## [ACTIVITY]
Return the data below in full, matching every line exactly.

## [THE DATA]
◇ ◇ ◇
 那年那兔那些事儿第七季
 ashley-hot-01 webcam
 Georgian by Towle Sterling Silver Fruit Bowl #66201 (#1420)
◇ ◇ ◇
## [OUTPUT]
 那年那兔那些事儿第七季
 ashley-hot-01 webcam
 Georgian by Towle Sterling Silver Fruit Bowl #66201 (#1420)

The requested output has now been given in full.